Hey Blue_Bird, I'm so sorry you're feeling this way. You do try incredibly hard to be mindful of your thoughts and emotions. It can be very hard to get there and stay there when you have other thoughts affecting you at the same time. I think a discussion with your sister sounds like a wonderful plan.

In my mind positivity and negativity are equal opposites on a spectrum. Traveling from one to another can occur in several ways. Sometimes I can jump from one to the other with a little effort on my part. However, sometimes I just feel stuck and I stay in the same place for a while. Whether it is positive or negative, too much of either has an effect on me of imbalance. At these times I find it easier to create movement if I attempt my goal by making incremental changes. If I were in a dark place I might first seek slightly less dark. Next, I might lighten things up a bit more. After that, I'd try to achieve neutrality. From there, I can gently start working the positive self talk and thoughts back in that my mind would have instantly rejected if I tried them when I was too far down.

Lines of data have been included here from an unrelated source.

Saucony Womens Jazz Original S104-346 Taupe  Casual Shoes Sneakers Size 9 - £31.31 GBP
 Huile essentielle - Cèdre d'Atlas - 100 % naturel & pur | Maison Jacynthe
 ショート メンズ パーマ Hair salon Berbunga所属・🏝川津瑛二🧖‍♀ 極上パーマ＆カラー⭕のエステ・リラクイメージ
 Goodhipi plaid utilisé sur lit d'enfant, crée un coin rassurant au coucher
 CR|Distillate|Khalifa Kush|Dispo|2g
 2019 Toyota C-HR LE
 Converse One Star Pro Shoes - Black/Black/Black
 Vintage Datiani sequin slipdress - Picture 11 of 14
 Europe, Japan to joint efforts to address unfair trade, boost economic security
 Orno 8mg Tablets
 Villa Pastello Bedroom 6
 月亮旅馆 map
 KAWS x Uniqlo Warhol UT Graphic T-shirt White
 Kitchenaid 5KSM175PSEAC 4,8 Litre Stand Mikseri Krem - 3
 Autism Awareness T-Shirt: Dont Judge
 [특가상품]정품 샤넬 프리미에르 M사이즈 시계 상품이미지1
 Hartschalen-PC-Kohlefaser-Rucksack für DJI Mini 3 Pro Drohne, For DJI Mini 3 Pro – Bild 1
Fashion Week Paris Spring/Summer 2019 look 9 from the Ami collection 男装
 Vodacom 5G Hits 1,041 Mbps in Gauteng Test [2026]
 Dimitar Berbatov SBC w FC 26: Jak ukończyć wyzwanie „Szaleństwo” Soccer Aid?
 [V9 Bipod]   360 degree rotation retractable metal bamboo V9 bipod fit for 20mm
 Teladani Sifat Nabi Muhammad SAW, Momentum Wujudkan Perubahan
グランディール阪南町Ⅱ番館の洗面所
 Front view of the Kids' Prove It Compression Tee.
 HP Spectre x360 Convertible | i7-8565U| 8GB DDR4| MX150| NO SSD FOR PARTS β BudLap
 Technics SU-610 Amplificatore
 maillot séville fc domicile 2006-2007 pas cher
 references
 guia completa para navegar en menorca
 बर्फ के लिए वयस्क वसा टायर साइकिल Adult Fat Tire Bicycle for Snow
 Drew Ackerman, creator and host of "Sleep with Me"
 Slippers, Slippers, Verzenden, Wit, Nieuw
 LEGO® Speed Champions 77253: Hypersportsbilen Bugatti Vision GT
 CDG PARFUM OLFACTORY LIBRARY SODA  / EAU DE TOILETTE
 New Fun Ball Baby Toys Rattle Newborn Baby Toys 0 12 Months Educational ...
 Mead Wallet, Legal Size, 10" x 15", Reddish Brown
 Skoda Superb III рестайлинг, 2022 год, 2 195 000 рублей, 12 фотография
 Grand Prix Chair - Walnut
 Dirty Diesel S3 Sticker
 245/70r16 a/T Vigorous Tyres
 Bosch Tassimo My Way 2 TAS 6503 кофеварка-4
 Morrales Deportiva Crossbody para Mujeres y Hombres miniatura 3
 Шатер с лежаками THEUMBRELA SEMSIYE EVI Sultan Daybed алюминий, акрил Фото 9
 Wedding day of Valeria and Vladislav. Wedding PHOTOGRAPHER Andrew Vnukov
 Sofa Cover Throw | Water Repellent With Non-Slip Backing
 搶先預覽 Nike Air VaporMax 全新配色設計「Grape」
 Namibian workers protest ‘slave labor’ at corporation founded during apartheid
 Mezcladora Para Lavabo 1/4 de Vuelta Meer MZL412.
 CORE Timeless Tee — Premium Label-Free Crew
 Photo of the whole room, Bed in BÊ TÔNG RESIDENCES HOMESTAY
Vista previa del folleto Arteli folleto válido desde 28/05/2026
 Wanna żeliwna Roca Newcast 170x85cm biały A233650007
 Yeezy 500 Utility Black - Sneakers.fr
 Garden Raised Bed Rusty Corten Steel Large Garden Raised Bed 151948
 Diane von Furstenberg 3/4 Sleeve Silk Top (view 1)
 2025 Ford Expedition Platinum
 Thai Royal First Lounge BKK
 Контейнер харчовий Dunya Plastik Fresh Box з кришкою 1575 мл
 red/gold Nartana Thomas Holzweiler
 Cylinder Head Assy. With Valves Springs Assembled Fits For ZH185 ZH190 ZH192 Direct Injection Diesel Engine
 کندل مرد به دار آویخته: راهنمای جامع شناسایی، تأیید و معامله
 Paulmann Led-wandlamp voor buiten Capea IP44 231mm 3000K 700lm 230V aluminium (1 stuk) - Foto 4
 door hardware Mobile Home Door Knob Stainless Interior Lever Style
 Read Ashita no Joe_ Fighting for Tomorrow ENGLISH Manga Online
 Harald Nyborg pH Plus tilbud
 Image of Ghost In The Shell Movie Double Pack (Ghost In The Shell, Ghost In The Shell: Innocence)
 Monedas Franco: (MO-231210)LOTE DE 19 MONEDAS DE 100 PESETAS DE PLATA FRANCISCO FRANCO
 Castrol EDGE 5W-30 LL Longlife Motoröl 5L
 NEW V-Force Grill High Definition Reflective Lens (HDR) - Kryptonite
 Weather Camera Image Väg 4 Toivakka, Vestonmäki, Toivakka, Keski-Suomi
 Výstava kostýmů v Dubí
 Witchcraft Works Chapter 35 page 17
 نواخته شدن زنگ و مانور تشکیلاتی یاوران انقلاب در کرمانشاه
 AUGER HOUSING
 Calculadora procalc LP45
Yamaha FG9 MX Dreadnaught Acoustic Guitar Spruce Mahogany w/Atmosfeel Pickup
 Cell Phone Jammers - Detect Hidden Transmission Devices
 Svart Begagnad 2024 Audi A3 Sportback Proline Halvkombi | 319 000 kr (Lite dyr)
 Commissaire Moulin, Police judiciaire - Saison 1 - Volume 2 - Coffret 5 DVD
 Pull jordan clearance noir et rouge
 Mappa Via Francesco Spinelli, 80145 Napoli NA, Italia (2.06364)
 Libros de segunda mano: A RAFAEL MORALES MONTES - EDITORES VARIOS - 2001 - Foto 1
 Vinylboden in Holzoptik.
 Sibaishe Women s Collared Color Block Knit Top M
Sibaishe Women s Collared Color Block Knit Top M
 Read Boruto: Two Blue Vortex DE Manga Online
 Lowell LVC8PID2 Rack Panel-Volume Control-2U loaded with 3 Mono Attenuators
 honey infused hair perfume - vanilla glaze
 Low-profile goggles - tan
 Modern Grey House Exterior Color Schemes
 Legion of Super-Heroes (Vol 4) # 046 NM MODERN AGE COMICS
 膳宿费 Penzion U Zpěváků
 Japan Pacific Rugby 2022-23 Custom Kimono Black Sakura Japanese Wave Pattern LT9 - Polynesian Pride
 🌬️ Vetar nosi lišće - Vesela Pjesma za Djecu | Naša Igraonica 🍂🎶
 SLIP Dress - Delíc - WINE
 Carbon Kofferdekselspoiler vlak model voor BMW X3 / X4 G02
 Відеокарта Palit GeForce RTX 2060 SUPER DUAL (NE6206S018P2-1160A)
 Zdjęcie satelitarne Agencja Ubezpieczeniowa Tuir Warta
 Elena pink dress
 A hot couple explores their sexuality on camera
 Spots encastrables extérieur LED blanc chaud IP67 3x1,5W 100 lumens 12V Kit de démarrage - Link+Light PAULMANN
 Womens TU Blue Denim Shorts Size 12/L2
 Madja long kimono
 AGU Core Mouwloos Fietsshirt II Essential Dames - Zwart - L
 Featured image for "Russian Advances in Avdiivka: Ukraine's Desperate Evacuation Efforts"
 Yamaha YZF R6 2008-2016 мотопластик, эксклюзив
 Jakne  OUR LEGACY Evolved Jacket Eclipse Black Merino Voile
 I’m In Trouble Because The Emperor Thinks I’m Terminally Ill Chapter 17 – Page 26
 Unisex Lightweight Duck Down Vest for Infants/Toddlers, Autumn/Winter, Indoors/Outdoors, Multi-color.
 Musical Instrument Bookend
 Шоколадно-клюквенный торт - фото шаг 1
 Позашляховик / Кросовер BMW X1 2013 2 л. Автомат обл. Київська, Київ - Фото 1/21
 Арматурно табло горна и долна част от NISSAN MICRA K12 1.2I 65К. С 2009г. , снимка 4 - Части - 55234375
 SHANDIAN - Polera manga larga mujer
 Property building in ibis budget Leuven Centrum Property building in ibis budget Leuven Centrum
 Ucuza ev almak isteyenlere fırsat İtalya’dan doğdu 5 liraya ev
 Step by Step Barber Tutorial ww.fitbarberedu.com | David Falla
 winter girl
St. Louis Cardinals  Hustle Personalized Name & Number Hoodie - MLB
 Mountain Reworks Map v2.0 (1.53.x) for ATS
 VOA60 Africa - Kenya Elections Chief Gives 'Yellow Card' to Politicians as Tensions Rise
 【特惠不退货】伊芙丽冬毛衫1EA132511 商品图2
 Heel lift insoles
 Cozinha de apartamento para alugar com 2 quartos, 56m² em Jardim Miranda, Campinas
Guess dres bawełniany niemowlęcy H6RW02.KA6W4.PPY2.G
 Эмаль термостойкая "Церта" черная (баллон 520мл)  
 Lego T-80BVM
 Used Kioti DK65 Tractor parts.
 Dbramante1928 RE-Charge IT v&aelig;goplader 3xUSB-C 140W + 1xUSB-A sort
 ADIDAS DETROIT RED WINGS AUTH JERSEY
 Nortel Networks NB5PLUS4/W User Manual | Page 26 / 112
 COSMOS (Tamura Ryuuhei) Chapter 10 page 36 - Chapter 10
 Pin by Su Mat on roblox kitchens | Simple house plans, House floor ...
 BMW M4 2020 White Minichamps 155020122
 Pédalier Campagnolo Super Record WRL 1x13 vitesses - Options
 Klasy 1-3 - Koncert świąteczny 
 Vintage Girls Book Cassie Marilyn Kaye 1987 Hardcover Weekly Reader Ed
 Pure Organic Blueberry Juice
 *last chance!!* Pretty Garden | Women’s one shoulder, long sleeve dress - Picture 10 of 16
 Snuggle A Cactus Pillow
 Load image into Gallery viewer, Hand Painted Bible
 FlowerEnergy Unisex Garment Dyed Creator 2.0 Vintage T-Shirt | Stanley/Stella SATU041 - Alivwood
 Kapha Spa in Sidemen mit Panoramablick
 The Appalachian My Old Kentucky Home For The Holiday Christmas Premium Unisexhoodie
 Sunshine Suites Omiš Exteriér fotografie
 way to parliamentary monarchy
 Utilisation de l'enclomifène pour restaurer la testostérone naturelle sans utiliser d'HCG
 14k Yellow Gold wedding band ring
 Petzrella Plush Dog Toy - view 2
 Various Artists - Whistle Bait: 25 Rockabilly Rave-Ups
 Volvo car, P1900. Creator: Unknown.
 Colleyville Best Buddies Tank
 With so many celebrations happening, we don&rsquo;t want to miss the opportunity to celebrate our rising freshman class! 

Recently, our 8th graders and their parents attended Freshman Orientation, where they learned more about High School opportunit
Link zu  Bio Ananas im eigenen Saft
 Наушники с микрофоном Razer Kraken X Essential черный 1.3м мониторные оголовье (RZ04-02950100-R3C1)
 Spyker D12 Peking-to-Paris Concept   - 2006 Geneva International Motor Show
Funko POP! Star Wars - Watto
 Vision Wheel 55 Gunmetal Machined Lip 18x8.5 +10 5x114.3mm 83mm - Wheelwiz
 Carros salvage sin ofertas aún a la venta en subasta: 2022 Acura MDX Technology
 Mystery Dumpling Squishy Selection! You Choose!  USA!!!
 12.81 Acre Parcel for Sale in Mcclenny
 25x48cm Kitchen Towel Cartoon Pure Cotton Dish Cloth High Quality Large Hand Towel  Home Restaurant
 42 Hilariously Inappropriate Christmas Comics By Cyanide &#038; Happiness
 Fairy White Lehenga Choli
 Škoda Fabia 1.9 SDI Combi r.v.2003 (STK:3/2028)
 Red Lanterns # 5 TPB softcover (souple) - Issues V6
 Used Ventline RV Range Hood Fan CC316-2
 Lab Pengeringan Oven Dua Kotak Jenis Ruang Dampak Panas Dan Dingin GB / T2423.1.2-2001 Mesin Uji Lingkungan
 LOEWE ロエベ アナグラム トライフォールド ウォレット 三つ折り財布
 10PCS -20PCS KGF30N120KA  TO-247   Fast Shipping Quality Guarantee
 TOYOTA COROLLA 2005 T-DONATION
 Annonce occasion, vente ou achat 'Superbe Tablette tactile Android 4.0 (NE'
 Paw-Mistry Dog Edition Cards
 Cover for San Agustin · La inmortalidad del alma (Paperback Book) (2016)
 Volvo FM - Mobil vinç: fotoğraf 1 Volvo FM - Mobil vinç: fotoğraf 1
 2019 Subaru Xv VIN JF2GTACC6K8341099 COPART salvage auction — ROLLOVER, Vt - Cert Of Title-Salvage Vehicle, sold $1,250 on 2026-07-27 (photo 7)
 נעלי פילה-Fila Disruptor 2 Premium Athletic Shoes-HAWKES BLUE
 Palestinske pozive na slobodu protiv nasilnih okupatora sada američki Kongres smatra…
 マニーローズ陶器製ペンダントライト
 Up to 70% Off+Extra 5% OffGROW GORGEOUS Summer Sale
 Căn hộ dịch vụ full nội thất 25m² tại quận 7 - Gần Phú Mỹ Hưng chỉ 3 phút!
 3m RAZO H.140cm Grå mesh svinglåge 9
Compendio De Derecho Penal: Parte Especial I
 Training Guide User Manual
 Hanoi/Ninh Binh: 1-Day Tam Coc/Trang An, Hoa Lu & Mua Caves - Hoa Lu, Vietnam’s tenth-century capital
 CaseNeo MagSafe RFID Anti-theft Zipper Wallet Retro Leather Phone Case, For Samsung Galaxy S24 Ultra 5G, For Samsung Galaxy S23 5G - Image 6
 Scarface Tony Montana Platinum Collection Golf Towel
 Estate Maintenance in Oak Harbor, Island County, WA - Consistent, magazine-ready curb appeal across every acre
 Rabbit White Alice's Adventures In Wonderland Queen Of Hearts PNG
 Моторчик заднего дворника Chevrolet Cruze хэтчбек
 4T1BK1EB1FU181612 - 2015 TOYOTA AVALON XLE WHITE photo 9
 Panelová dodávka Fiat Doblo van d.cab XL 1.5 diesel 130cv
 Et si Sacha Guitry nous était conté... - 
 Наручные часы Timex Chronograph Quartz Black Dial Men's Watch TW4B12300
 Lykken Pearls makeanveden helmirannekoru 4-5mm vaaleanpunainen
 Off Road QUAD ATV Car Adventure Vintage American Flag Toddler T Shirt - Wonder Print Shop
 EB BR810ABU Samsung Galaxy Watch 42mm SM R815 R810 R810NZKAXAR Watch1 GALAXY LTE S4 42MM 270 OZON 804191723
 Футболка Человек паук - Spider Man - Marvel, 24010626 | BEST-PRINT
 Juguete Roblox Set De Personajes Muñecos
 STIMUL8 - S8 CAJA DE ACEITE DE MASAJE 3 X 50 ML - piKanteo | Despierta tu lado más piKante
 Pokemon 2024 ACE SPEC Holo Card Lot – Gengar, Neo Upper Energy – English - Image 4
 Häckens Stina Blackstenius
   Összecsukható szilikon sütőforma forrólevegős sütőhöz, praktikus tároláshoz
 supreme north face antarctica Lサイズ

If one was in a self hate mode this might look something like...
Self hate -> Self pity -> Self acceptance -> Self forgiveness -> Self love

If I were in an unhealthy narcissistic Self love state I might go the other way and forgive myself and then accept myself. I'd skip the last two steps in that case becsuse the goal at that point would be to experience balance.

This may not resonate or be feasible for you at this time. I wanted to toss it out in case it helps to make a seemingly impossible journey feel slightly less impossible. Much love to you. We're all here should you need us.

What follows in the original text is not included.